Problem: A word-for-word restatement of the listing is the only acceptable answer.
== == ==
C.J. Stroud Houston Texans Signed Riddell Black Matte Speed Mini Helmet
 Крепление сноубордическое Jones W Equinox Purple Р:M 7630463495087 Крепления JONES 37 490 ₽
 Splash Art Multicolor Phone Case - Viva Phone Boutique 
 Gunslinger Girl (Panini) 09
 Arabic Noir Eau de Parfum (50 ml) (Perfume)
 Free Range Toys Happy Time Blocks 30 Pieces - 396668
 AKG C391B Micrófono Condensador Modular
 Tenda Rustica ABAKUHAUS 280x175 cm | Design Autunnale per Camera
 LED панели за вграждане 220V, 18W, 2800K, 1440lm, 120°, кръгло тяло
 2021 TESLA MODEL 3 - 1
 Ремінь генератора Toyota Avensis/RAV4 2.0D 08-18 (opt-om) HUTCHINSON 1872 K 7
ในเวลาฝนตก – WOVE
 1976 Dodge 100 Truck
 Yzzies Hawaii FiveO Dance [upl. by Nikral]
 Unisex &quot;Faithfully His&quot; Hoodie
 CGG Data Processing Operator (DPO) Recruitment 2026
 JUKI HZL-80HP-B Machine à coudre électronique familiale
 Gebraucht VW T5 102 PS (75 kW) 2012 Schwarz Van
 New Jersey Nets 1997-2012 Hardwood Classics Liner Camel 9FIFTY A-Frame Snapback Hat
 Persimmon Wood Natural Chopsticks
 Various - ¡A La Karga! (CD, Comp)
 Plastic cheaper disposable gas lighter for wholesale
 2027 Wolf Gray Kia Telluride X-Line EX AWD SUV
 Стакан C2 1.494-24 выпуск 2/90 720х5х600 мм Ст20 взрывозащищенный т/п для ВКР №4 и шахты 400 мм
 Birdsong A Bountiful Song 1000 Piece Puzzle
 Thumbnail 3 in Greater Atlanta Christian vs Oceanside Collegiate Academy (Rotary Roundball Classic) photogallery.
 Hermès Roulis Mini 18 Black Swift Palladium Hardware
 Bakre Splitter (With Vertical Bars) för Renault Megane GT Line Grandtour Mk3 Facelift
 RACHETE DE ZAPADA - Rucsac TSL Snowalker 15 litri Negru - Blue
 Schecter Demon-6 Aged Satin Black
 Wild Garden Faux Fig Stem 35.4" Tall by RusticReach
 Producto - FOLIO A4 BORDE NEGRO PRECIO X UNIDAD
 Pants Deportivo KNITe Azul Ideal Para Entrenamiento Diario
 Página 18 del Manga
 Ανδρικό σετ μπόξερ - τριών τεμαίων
== == ==
Exercise solution:
C.J. Stroud Houston Texans Signed Riddell Black Matte Speed Mini Helmet
 Крепление сноубордическое Jones W Equinox Purple Р:M 7630463495087 Крепления JONES 37 490 ₽
 Splash Art Multicolor Phone Case - Viva Phone Boutique 
 Gunslinger Girl (Panini) 09
 Arabic Noir Eau de Parfum (50 ml) (Perfume)
 Free Range Toys Happy Time Blocks 30 Pieces - 396668
 AKG C391B Micrófono Condensador Modular
 Tenda Rustica ABAKUHAUS 280x175 cm | Design Autunnale per Camera
 LED панели за вграждане 220V, 18W, 2800K, 1440lm, 120°, кръгло тяло
 2021 TESLA MODEL 3 - 1
 Ремінь генератора Toyota Avensis/RAV4 2.0D 08-18 (opt-om) HUTCHINSON 1872 K 7
ในเวลาฝนตก – WOVE
 1976 Dodge 100 Truck
 Yzzies Hawaii FiveO Dance [upl. by Nikral]
 Unisex &quot;Faithfully His&quot; Hoodie
 CGG Data Processing Operator (DPO) Recruitment 2026
 JUKI HZL-80HP-B Machine à coudre électronique familiale
 Gebraucht VW T5 102 PS (75 kW) 2012 Schwarz Van
 New Jersey Nets 1997-2012 Hardwood Classics Liner Camel 9FIFTY A-Frame Snapback Hat
 Persimmon Wood Natural Chopsticks
 Various - ¡A La Karga! (CD, Comp)
 Plastic cheaper disposable gas lighter for wholesale
 2027 Wolf Gray Kia Telluride X-Line EX AWD SUV
 Стакан C2 1.494-24 выпуск 2/90 720х5х600 мм Ст20 взрывозащищенный т/п для ВКР №4 и шахты 400 мм
 Birdsong A Bountiful Song 1000 Piece Puzzle
 Thumbnail 3 in Greater Atlanta Christian vs Oceanside Collegiate Academy (Rotary Roundball Classic) photogallery.
 Hermès Roulis Mini 18 Black Swift Palladium Hardware
 Bakre Splitter (With Vertical Bars) för Renault Megane GT Line Grandtour Mk3 Facelift
 RACHETE DE ZAPADA - Rucsac TSL Snowalker 15 litri Negru - Blue
 Schecter Demon-6 Aged Satin Black
 Wild Garden Faux Fig Stem 35.4" Tall by RusticReach
 Producto - FOLIO A4 BORDE NEGRO PRECIO X UNIDAD
 Pants Deportivo KNITe Azul Ideal Para Entrenamiento Diario
 Página 18 del Manga
 Ανδρικό σετ μπόξερ - τριών τεμαίων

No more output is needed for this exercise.